- [What to work on] Taking the entries below, transcribe only the lines starting with the one with "Hadiri 6WG Ministerial" and going on through the one with "Vintage Die-Cast Fahrzeug", exactly as written, without the pictures.

- [Dataset content]

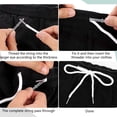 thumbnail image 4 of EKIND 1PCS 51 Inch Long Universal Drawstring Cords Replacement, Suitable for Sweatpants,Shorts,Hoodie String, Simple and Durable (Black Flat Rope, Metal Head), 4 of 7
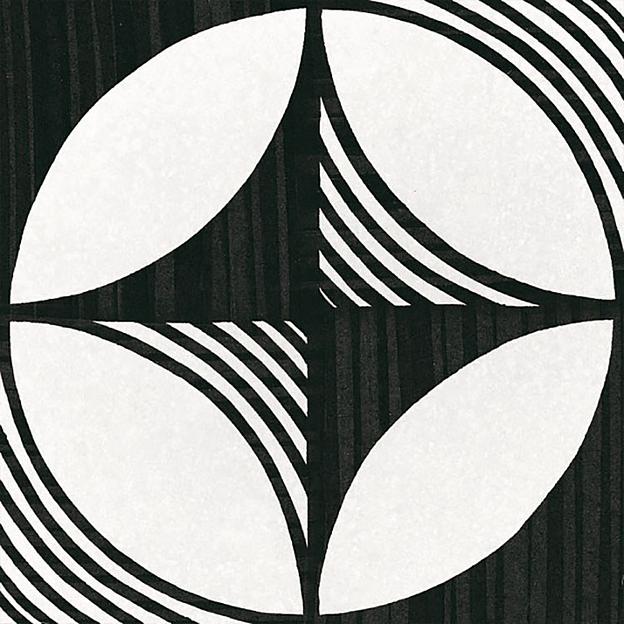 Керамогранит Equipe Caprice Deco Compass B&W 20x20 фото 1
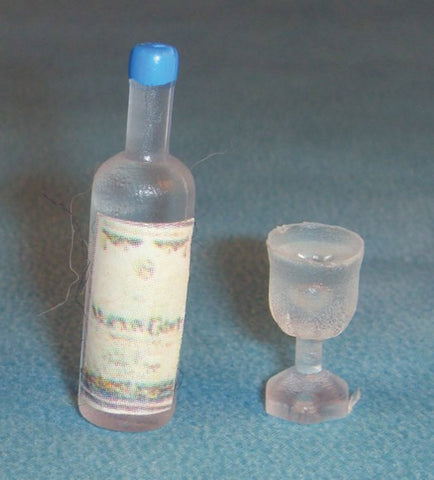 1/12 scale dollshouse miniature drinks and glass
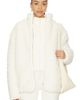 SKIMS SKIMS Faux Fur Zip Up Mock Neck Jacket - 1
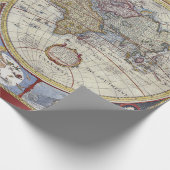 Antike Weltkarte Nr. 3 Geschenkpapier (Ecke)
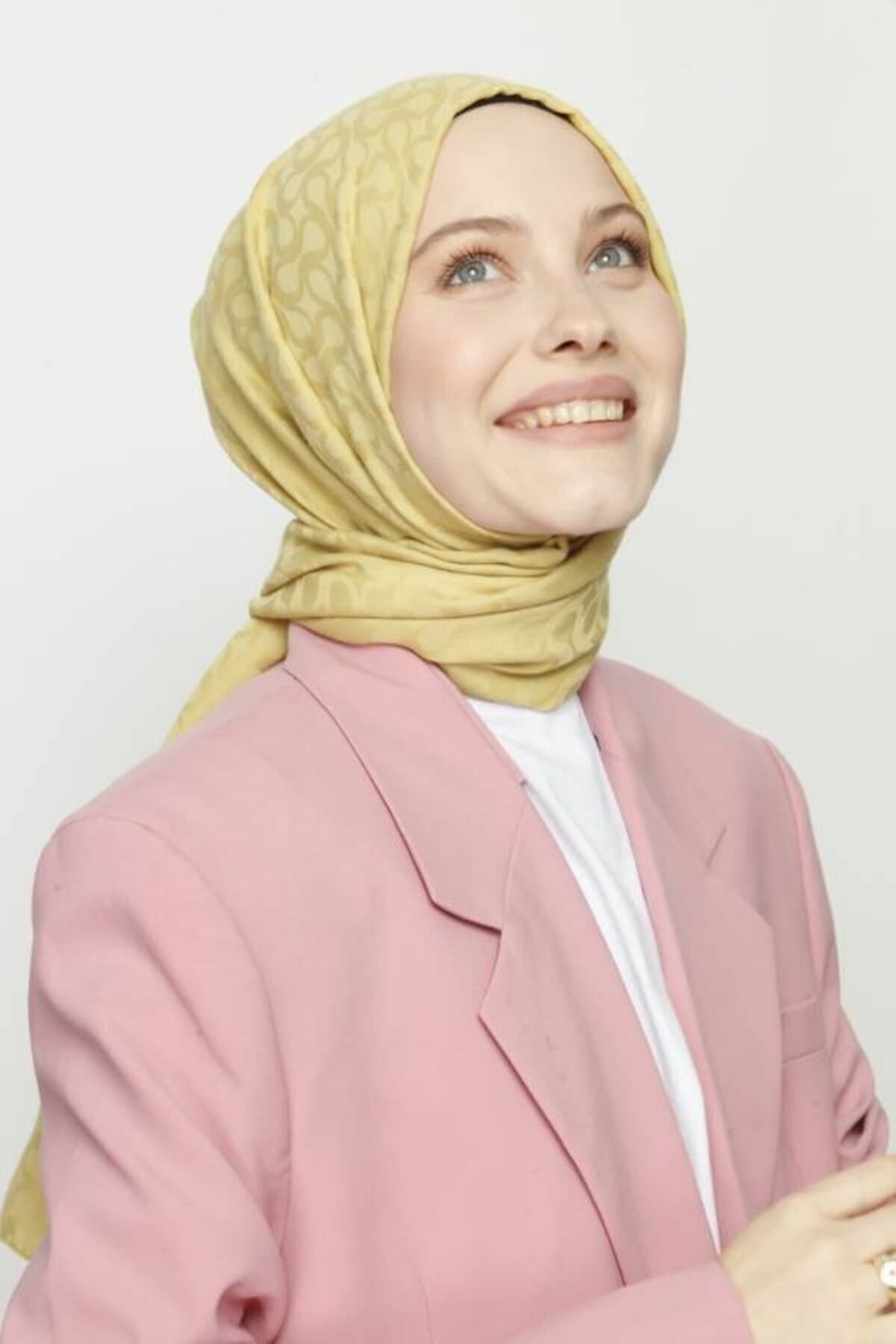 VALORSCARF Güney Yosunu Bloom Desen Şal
==
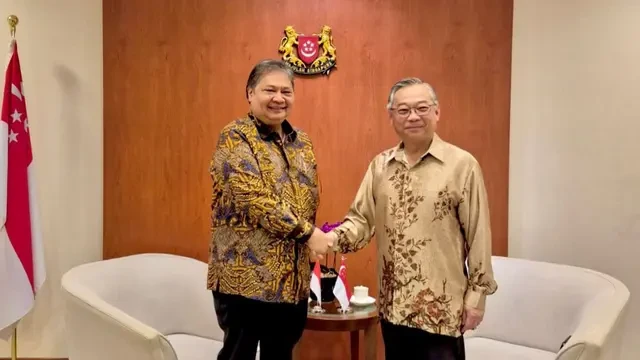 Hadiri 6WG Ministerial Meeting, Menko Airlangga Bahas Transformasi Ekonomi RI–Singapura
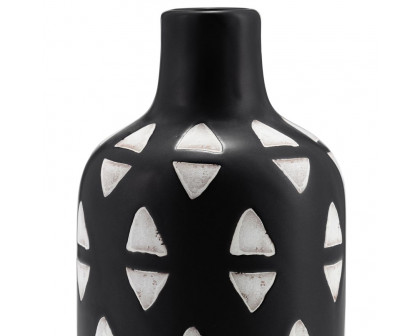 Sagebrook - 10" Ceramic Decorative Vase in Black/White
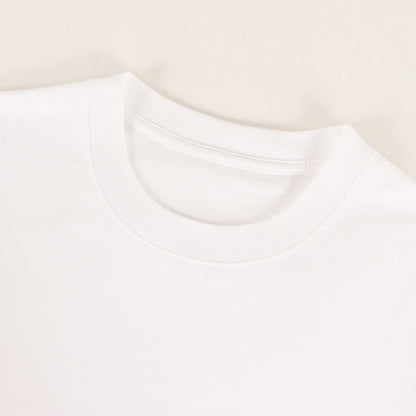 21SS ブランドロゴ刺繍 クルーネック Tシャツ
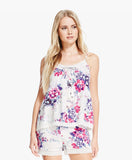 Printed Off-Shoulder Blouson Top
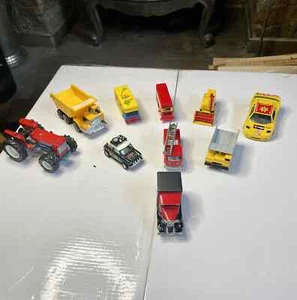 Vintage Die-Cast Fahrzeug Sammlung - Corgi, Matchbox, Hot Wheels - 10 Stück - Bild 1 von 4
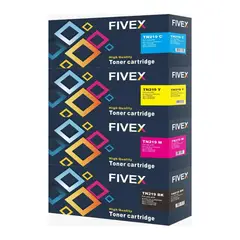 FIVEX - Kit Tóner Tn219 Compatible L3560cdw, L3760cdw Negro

- [Answer section]
 Hadiri 6WG Ministerial Meeting, Menko Airlangga Bahas Transformasi Ekonomi RI–Singapura
 Sagebrook - 10" Ceramic Decorative Vase in Black/White
 21SS ブランドロゴ刺繍 クルーネック Tシャツ
 Printed Off-Shoulder Blouson Top
 Vintage Die-Cast Fahrzeug Sammlung - Corgi, Matchbox, Hot Wheels - 10 Stück - Bild 1 von 4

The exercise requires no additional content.